DATA RECORDS>

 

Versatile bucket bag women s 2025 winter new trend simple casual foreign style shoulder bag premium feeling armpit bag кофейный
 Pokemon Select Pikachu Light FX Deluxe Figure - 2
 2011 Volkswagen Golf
--
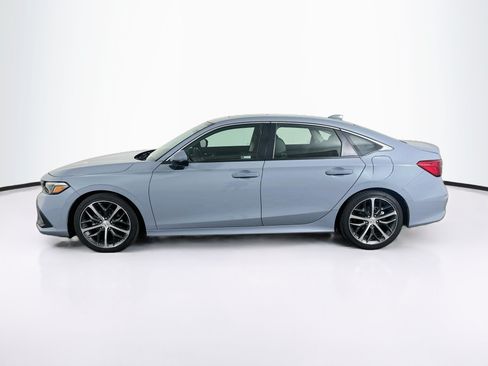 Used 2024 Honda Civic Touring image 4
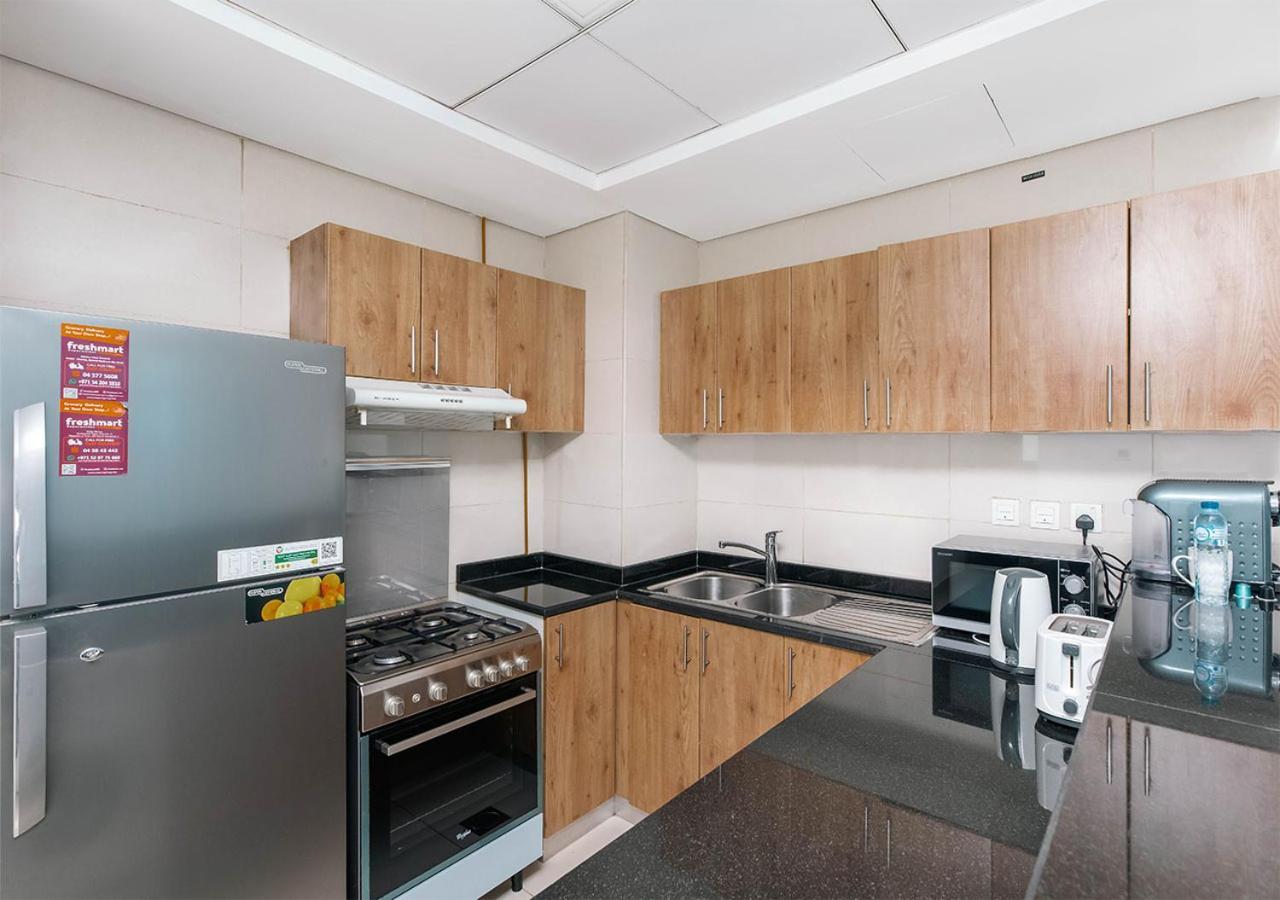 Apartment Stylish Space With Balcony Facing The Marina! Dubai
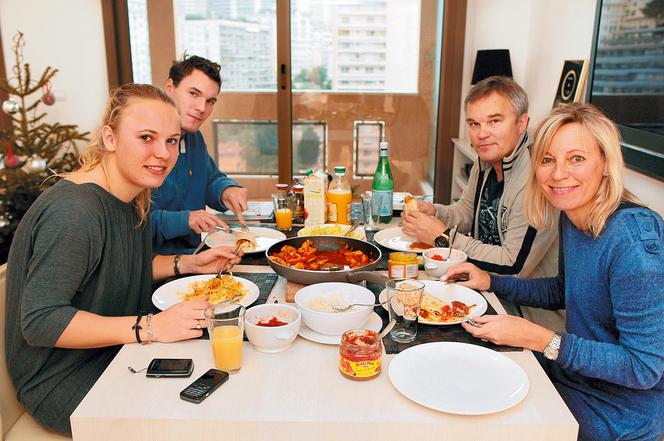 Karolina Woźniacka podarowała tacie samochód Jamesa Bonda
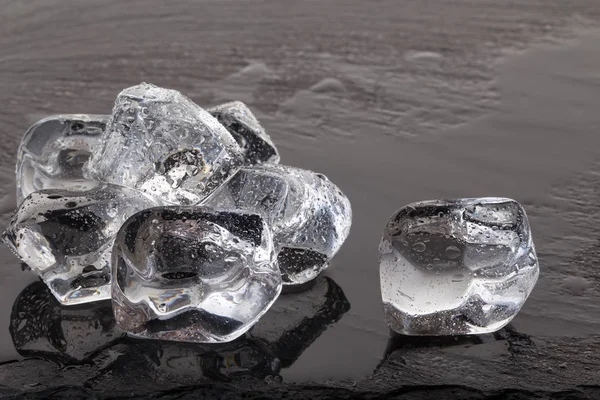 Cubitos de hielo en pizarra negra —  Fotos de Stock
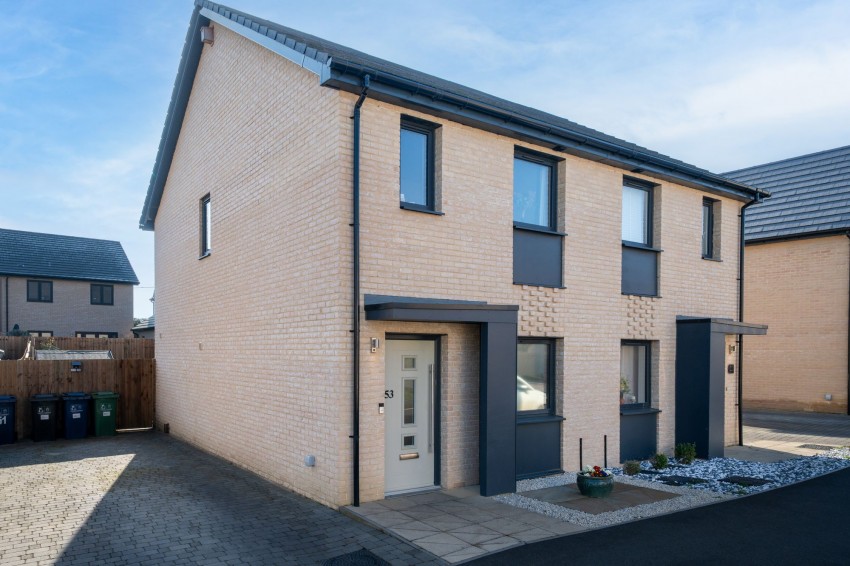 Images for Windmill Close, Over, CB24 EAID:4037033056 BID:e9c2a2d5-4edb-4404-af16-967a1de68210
--
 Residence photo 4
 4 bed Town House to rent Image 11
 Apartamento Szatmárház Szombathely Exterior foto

EXERCISE AIM>
Produce only the lines from the line containing "4 bed Town House to rent Image 11" through the line containing "Apartamento Szatmárház Szombathely", inclusive of both, exactly as they stand in the entries above.

WRITTEN ANSWER>
 4 bed Town House to rent Image 11
 Apartamento Szatmárház Szombathely Exterior foto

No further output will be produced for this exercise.